>>>>

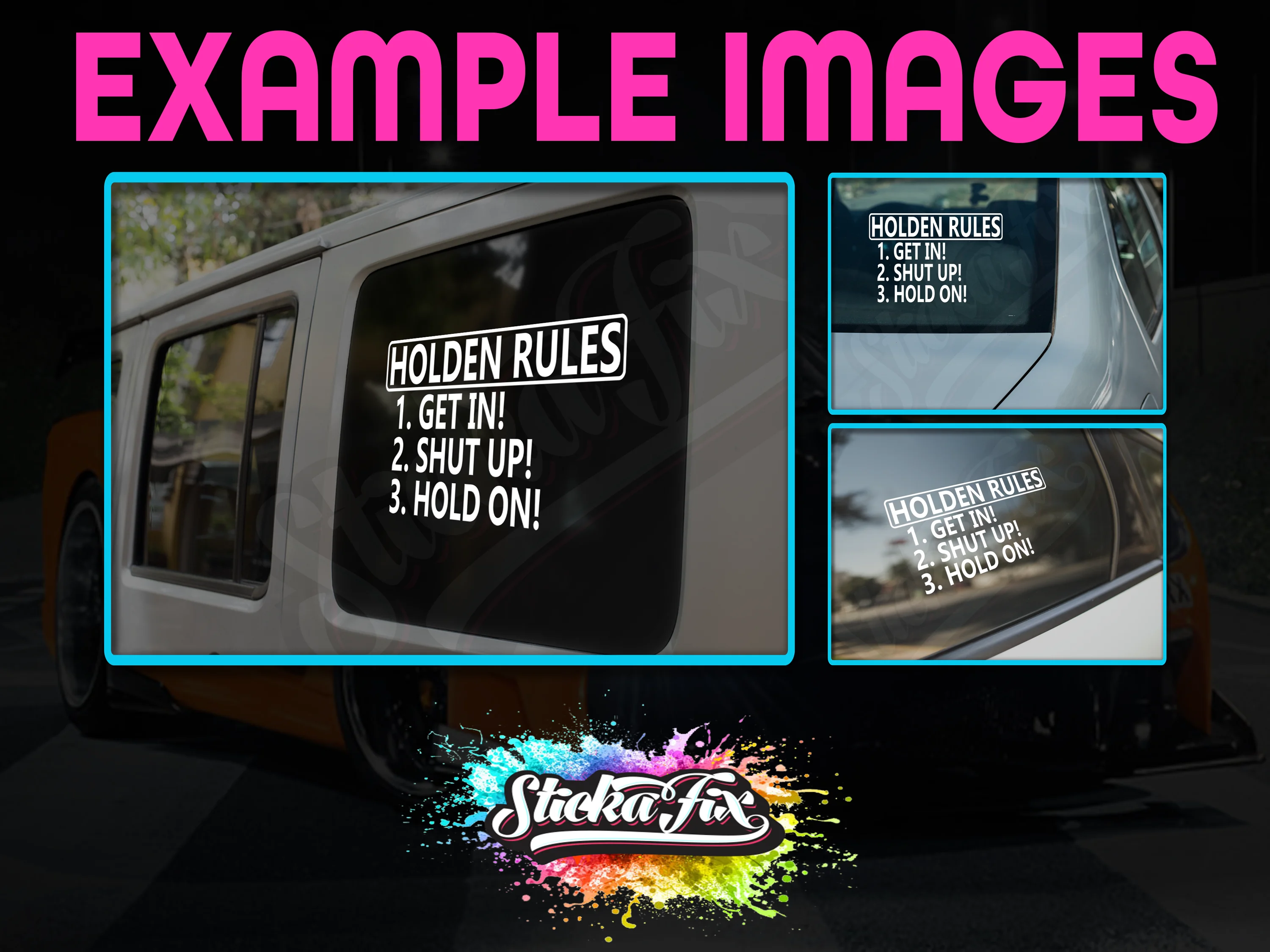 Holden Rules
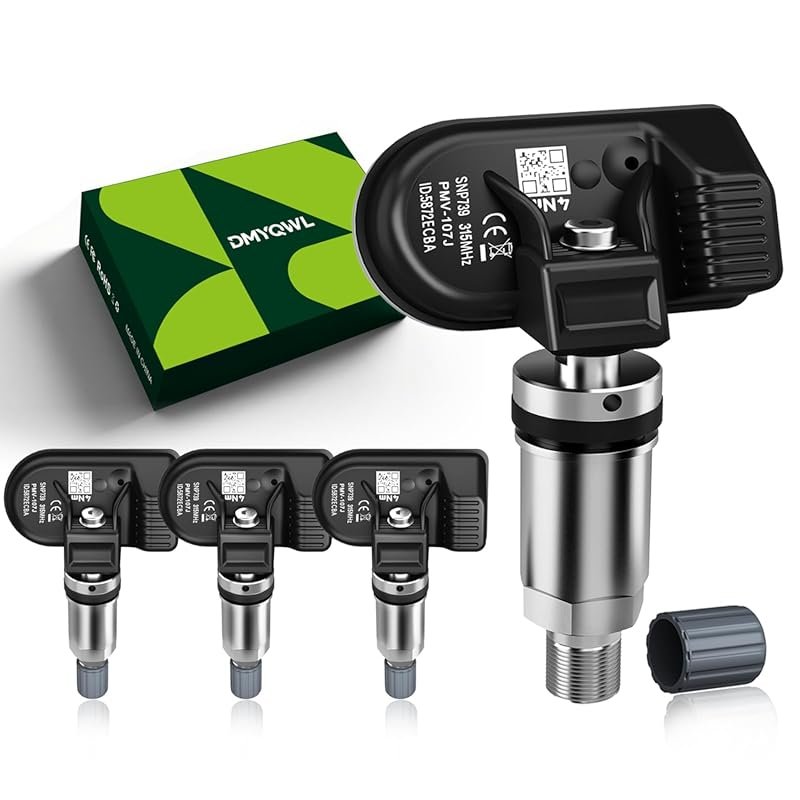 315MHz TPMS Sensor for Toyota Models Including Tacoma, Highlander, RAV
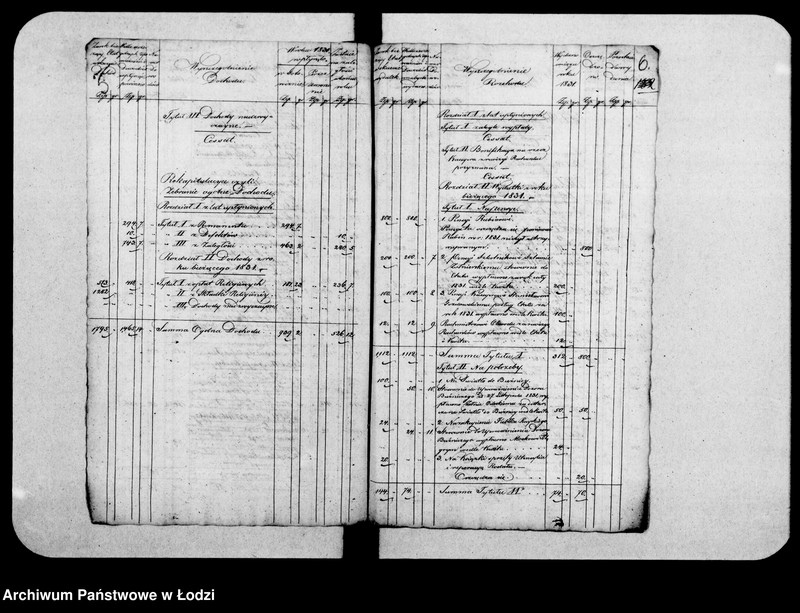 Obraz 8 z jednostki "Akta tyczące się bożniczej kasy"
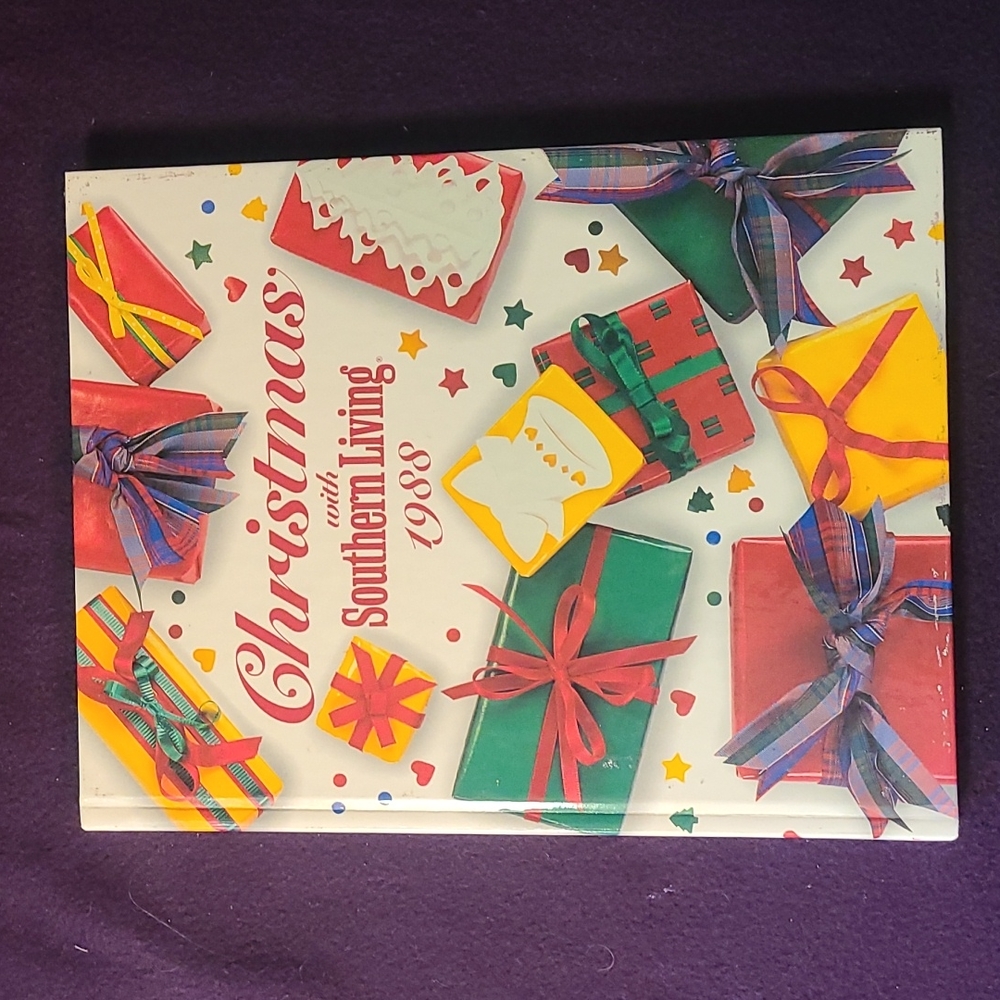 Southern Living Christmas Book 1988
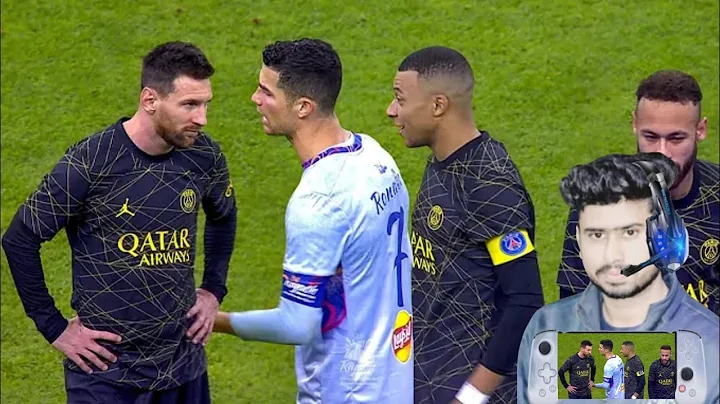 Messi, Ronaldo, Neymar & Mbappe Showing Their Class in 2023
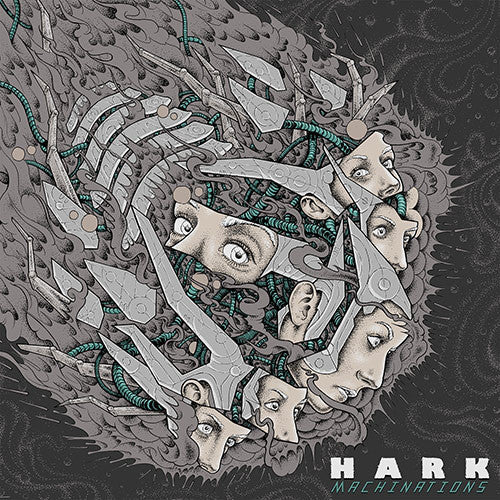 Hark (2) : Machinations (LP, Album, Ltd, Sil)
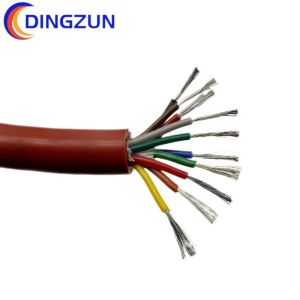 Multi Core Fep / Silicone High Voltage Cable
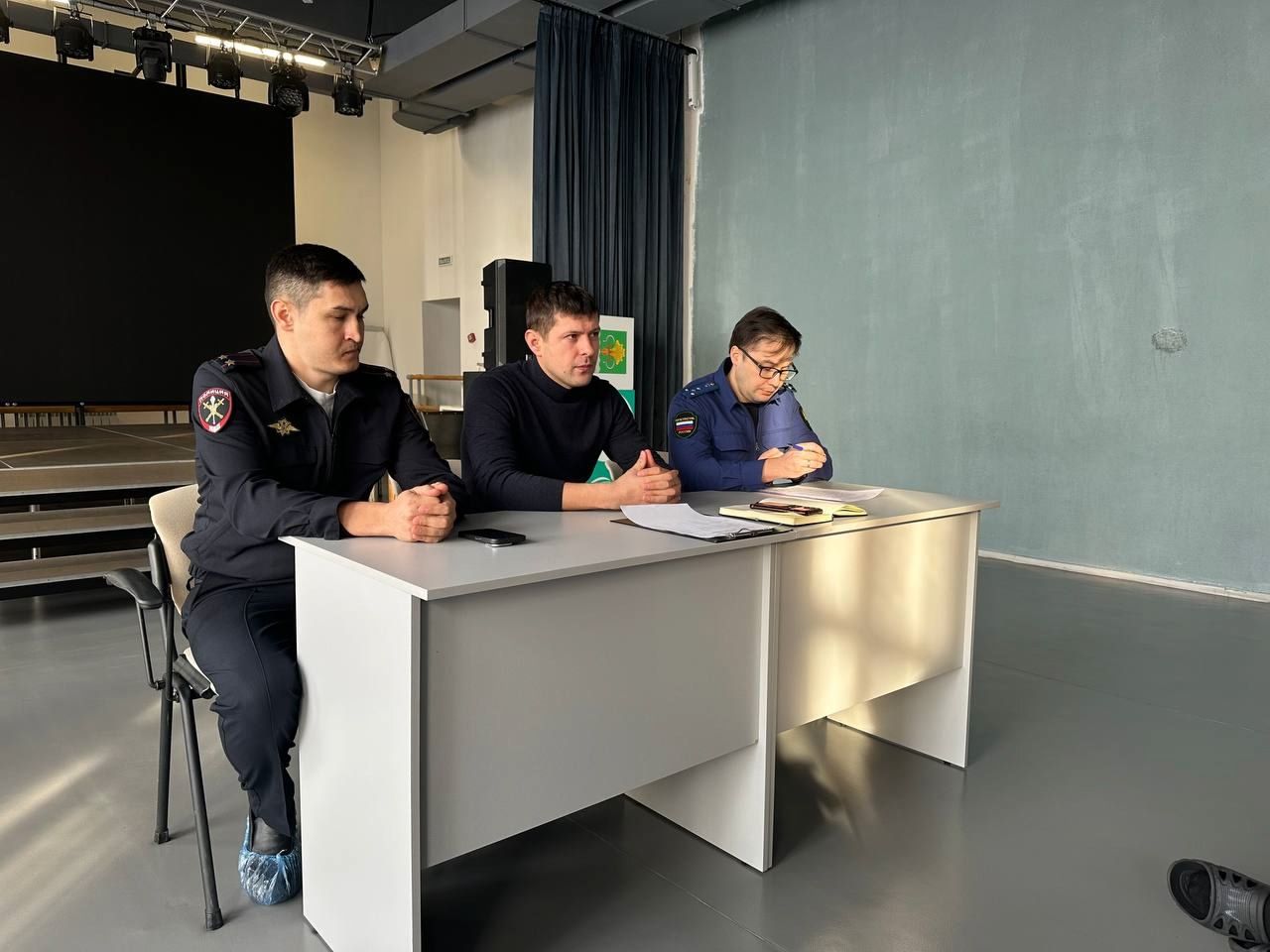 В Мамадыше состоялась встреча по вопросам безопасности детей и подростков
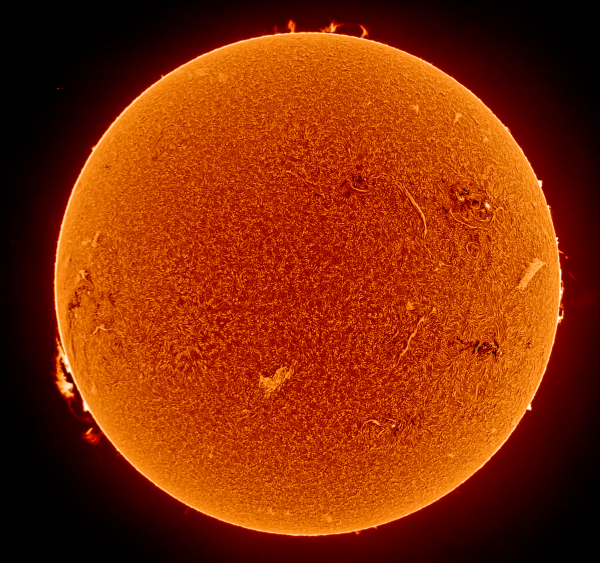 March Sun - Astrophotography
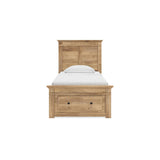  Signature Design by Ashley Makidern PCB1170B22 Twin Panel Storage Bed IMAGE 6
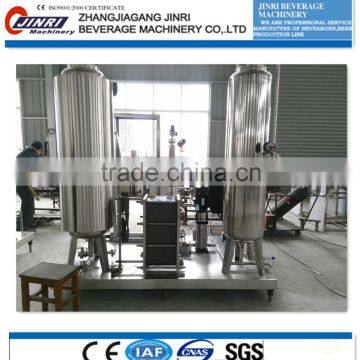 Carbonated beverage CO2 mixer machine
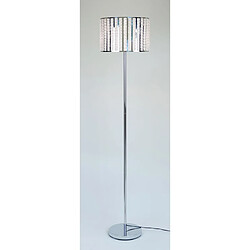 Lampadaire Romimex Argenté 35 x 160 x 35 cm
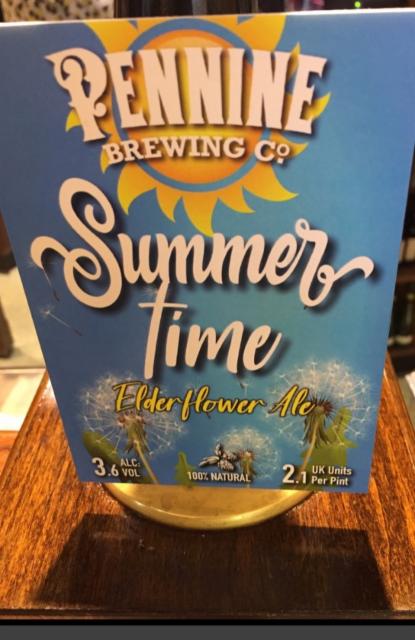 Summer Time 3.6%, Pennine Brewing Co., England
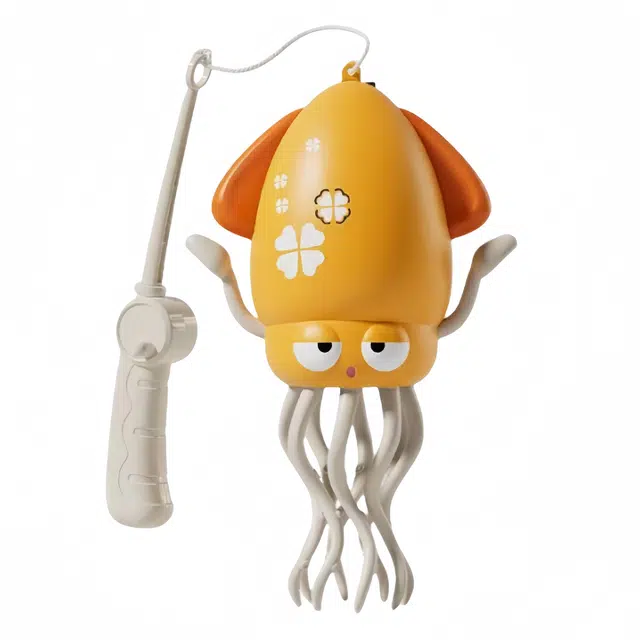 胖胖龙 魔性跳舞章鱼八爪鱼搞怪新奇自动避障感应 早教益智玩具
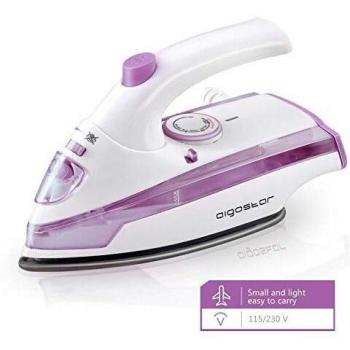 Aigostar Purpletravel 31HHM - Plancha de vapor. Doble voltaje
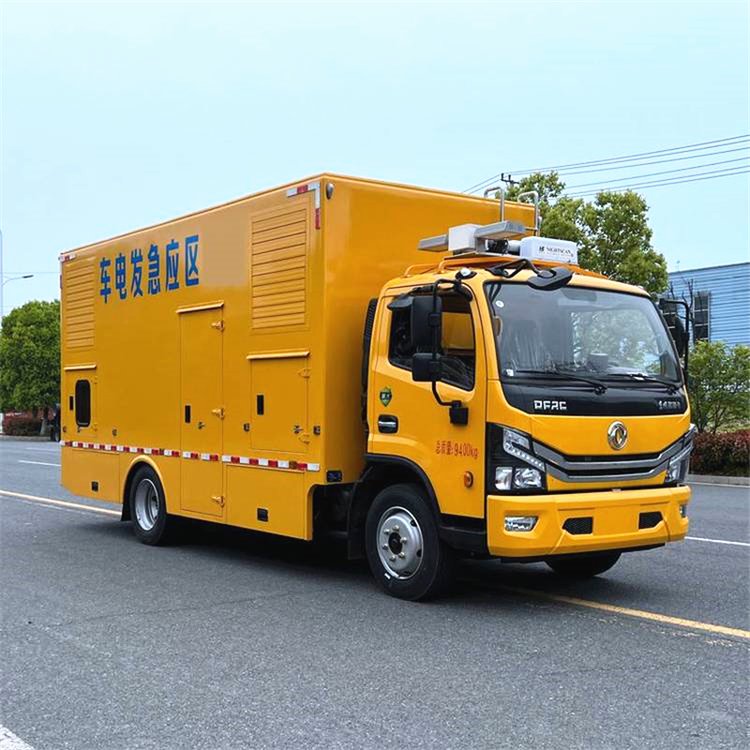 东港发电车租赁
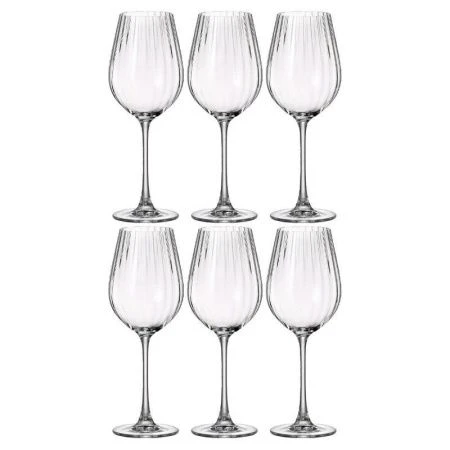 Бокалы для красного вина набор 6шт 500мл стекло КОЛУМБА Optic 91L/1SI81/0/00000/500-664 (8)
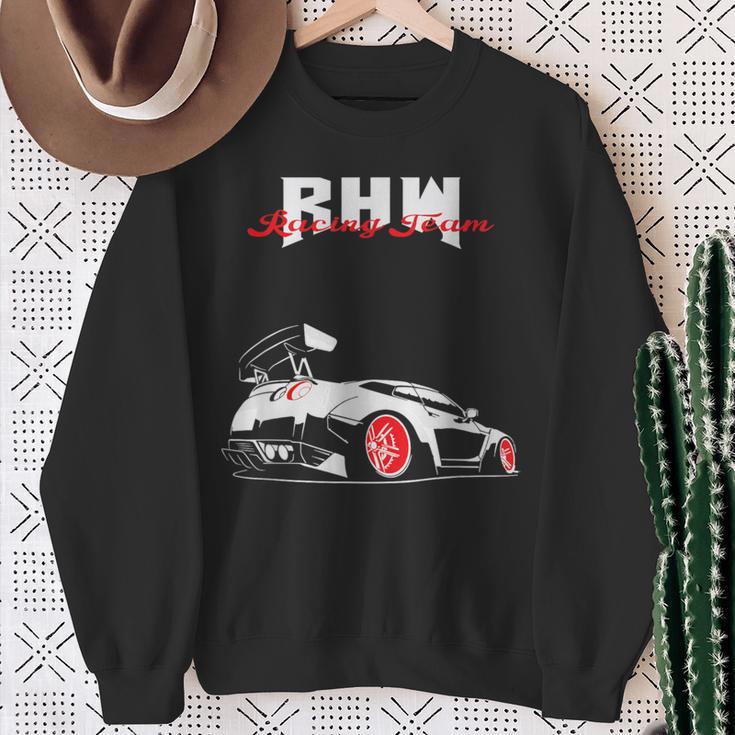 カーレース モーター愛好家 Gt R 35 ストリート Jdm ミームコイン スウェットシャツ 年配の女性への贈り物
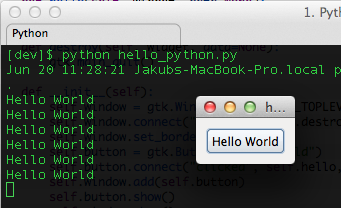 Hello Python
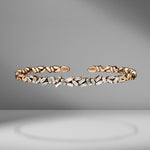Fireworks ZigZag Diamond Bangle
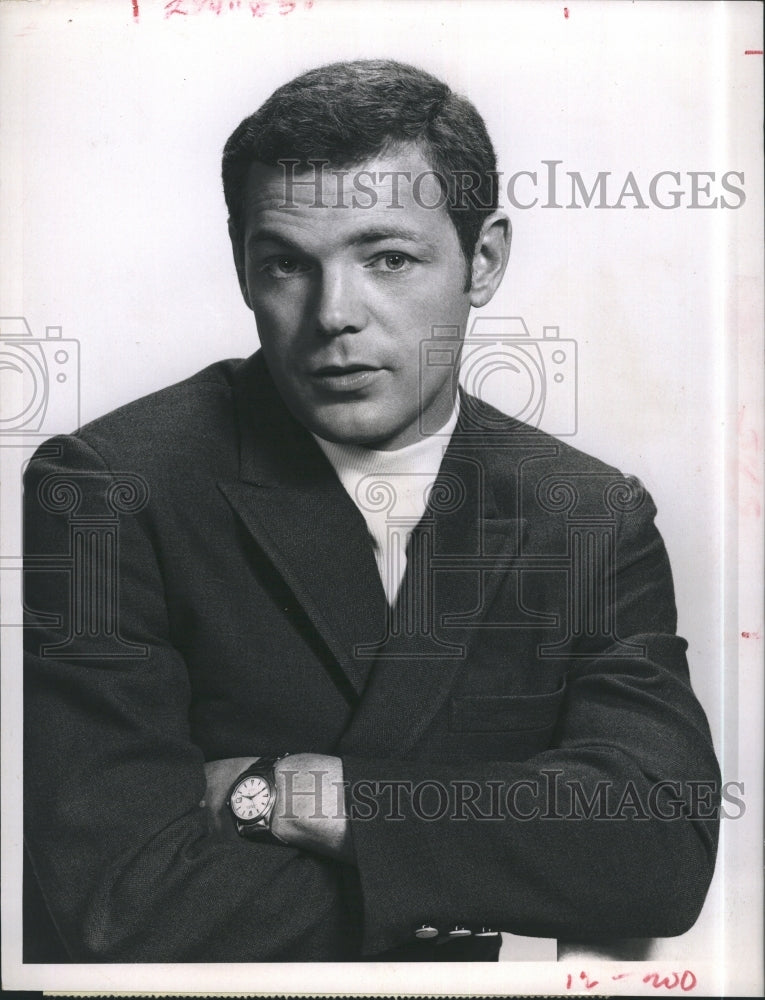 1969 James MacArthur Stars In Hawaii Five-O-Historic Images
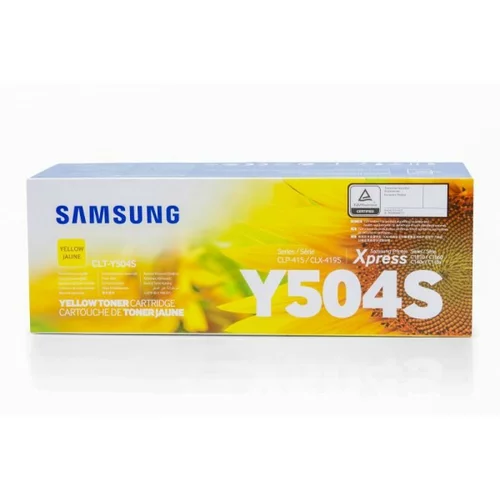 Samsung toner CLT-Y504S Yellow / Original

<<<<

- **DIRECTIONS**:
Every entry above should be returned exactly, with no images included.

- **ANSWER SECTION**:
 Holden Rules
 315MHz TPMS Sensor for Toyota Models Including Tacoma, Highlander, RAV
 Obraz 8 z jednostki "Akta tyczące się bożniczej kasy"
 Southern Living Christmas Book 1988
 Messi, Ronaldo, Neymar & Mbappe Showing Their Class in 2023
 Hark (2) : Machinations (LP, Album, Ltd, Sil)
 Multi Core Fep / Silicone High Voltage Cable
 В Мамадыше состоялась встреча по вопросам безопасности детей и подростков
 March Sun - Astrophotography
  Signature Design by Ashley Makidern PCB1170B22 Twin Panel Storage Bed IMAGE 6
 Carbonated beverage CO2 mixer machine
 Lampadaire Romimex Argenté 35 x 160 x 35 cm
 Summer Time 3.6%, Pennine Brewing Co., England
 胖胖龙 魔性跳舞章鱼八爪鱼搞怪新奇自动避障感应 早教益智玩具
 Aigostar Purpletravel 31HHM - Plancha de vapor. Doble voltaje
 东港发电车租赁
 Бокалы для красного вина набор 6шт 500мл стекло КОЛУМБА Optic 91L/1SI81/0/00000/500-664 (8)
 カーレース モーター愛好家 Gt R 35 ストリート Jdm ミームコイン スウェットシャツ 年配の女性への贈り物
 Hello Python
Fireworks ZigZag Diamond Bangle
 1969 James MacArthur Stars In Hawaii Five-O-Historic Images
 Samsung toner CLT-Y504S Yellow / Original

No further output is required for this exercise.